Data items:

━━━━━━━━━━

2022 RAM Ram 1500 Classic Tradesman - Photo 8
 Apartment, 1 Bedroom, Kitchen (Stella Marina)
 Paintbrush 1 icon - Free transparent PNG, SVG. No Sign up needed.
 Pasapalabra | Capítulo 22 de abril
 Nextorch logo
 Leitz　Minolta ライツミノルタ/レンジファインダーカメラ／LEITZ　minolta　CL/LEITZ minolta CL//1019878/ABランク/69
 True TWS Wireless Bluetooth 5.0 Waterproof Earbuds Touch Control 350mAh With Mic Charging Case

━━━━━━━━━━

= Task brief =
Where a line contains "Apartment, 1 Bedroom, Kitchen", begin there and output each line through the end of the data above, exactly; give no other lines.

= Solution =
 Apartment, 1 Bedroom, Kitchen (Stella Marina)
 Paintbrush 1 icon - Free transparent PNG, SVG. No Sign up needed.
 Pasapalabra | Capítulo 22 de abril
 Nextorch logo
 Leitz　Minolta ライツミノルタ/レンジファインダーカメラ／LEITZ　minolta　CL/LEITZ minolta CL//1019878/ABランク/69
 True TWS Wireless Bluetooth 5.0 Waterproof Earbuds Touch Control 350mAh With Mic Charging Case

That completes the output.